Intimations of Immortality

I find myself reflecting on mortality these days—wondering as we all do whether the elusive entity that we call “self” survives the death of the body. One of the most tantalizing suggestions I’ve heard comes from psychologist and neuroscientist Stephen Kosslyn. Back in 2005, he was asked this question:

“What do you believe is true even though you cannot prove it?”

His answer really intrigued me:

Your mind may arise not simply from your own brain, but in part from the brains of other people.

Sobo_1909_624Kosslyn’s explanation is simple and utterly non-mystical. To sum it up crudely, your mind is not entirely self-contained within your skull. In order to perform certain complicated mental tasks, you must extend the limits of your physical brain with “prosthetic systems”—for example, an electronic calculator to multiply 756 by 312, which is rather difficult to do in your head.

As it happens, people perform this very same function for one another. Human beings set up what Kosslyn calls “Social Prosthetic Systems” (SPSs) in which people share their brainpower to solve countless challenges. A marriage might be the most sophisticated SPS of all—a relationship in which two people are constantly (and quite literally) sharing brains. As Kosslyn puts it,

parts of other people’s brains come to serve as extensions of your own brain. And if the mind is “what the brain does,” then your mind in fact arises from the activity of not only your own brain, but those of your SPSs.

Kosslyn isn’t blind to the enormous implications of this idea:

In fact, one could even argue that when your body dies, part of your mind may survive.

Cognitive scientist Douglas Hofstadter has expressed much the same notion:

You can imagine a soul as being a detailed, elaborate pattern that exists very clearly in one brain. When a person dies, the original is no longer around. But there are other versions of it in other people’s brains. It’s a less detailed copy, it’s coarse-grained.

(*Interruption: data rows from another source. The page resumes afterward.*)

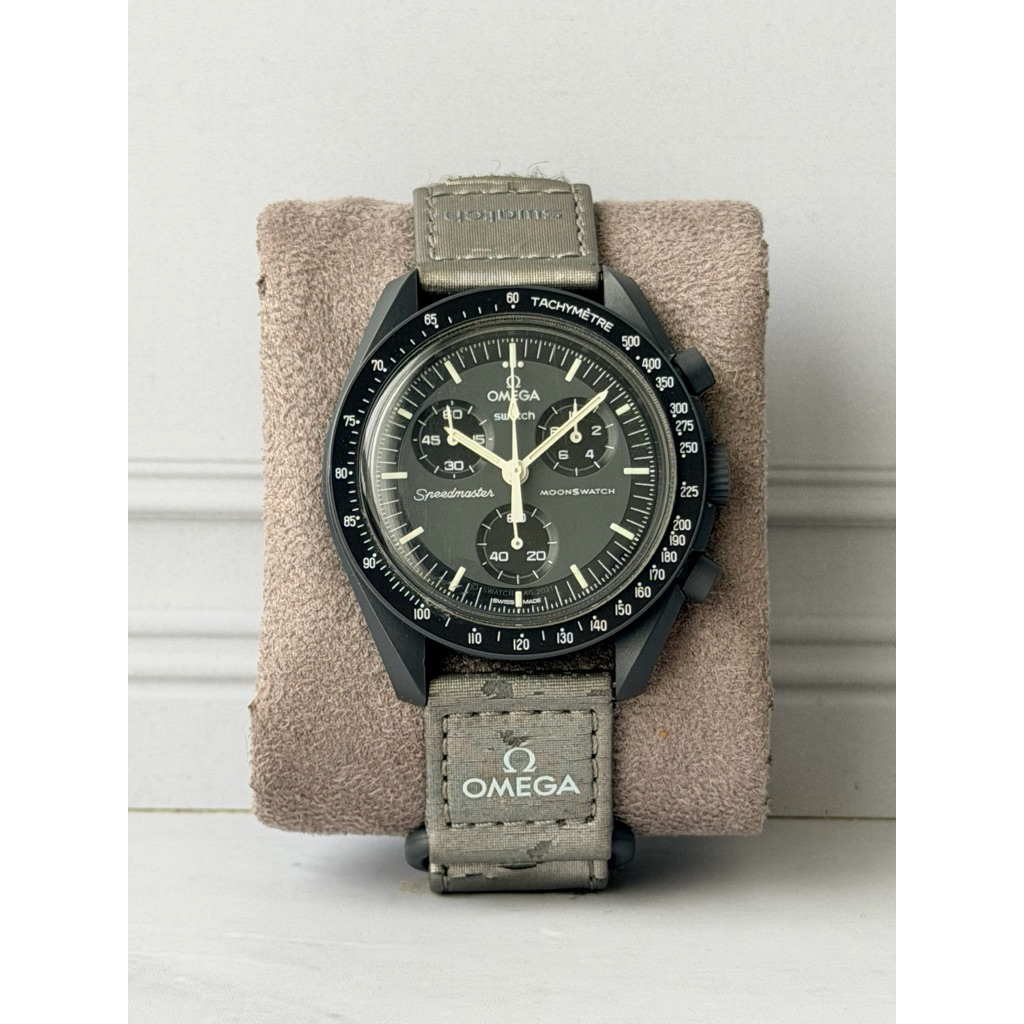 omega swatch moonswatch moon, jupiter, snoopy black, saturn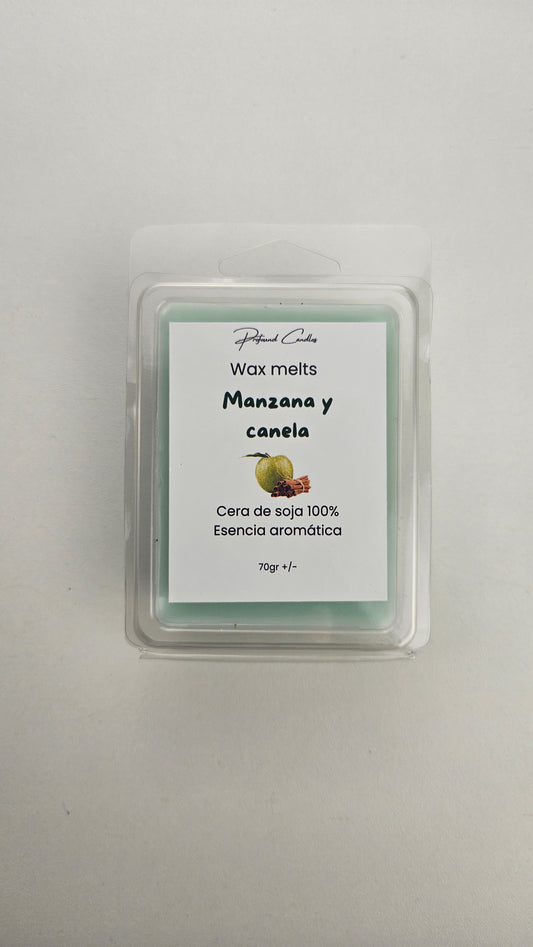 Wax melts de manzana y canela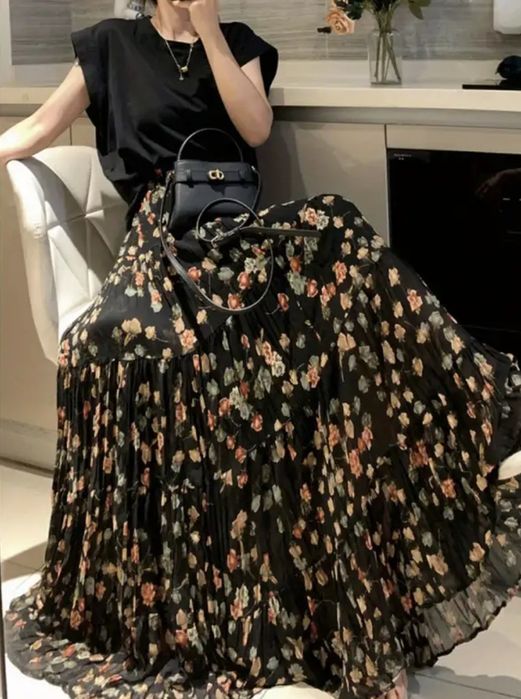 Fusta flori bohemian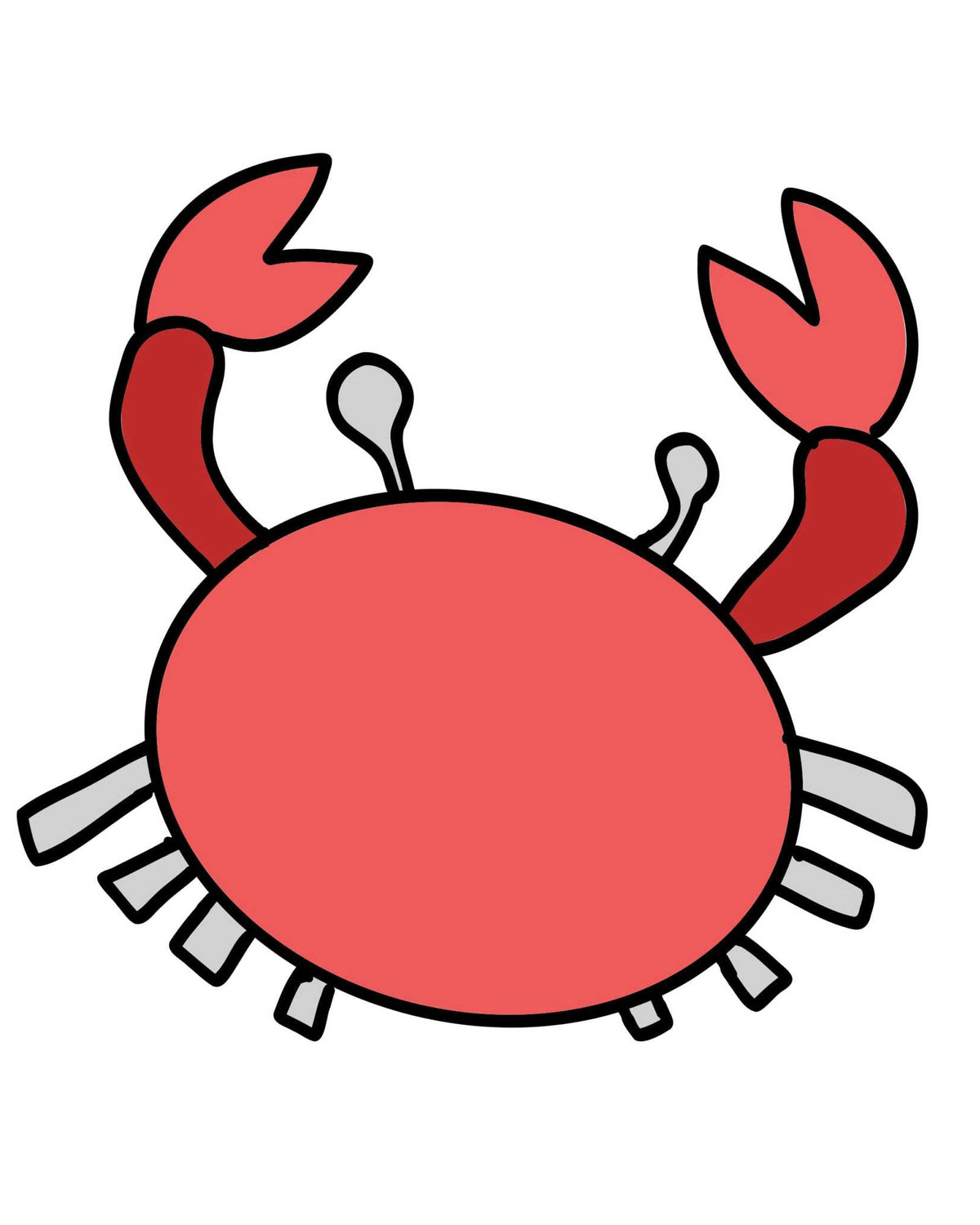 Crabbin' charm artwork, the design featured on ManeJane Crabbin' spur straps, by Dreamers & Schemers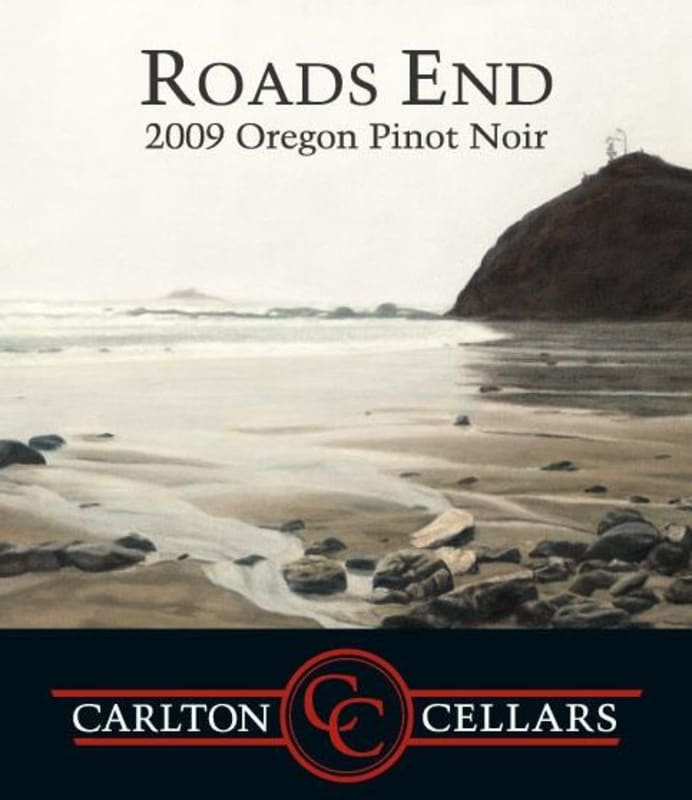 Carlton Roads End Pinot Noir 2009 Front Label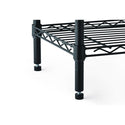 Hyper Tough 4 Tier Wire Shelving Unit, Black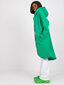 Sieviešu džemperis zaļā krāsā ar rāvējslēdzēju cena un informācija | Sieviešu džemperi | 220.lv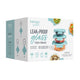 Bentgo 6 Piece Round Glass Food Storage Set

This concept of life after death might strike you as painfully prosaic. It’s certainly a far cry from Wordsworth’s belief in a soul that not only survives the death of the body, but has existed always:

Our birth is but a sleep and a forgetting:
The Soul that rises with us, our life’s Star,
Hath had elsewhere its setting,
And cometh from afar:
Not in entire forgetfulness,
And not in utter nakedness,
But trailing clouds of glory do we come
From God, who is our home …

I’m open to such sentiments, which harmonize well with mainstream religious and mystical beliefs. But the simplicity and earthiness of Kosslyn’s idea holds a certain beauty for me. And I don’t seem to be alone in feeling this way.

After Hofstadter’s wife, Carol, died in 1993 at the age of 42, he experienced an epiphany while looking at her picture one day. In his book I Am A Strange Loop, Hofstadter describes how he was overcome with the realization that Carol’s soul and his own had fused “into one higher-level entity” shaped out of shared hopes and dreams for their children. Their hopes

were not separate or distinct hopes but were just one hope, one clear thing that defined us both, that wielded us into a unit, the kind of unit I had but dimly imagined before being married and having children. I realized that though Carol had died, that core piece of her had not died at all, but that it had lived on very determinedly in my brain.

That sounds to me like a kind of immortality well worth hoping for.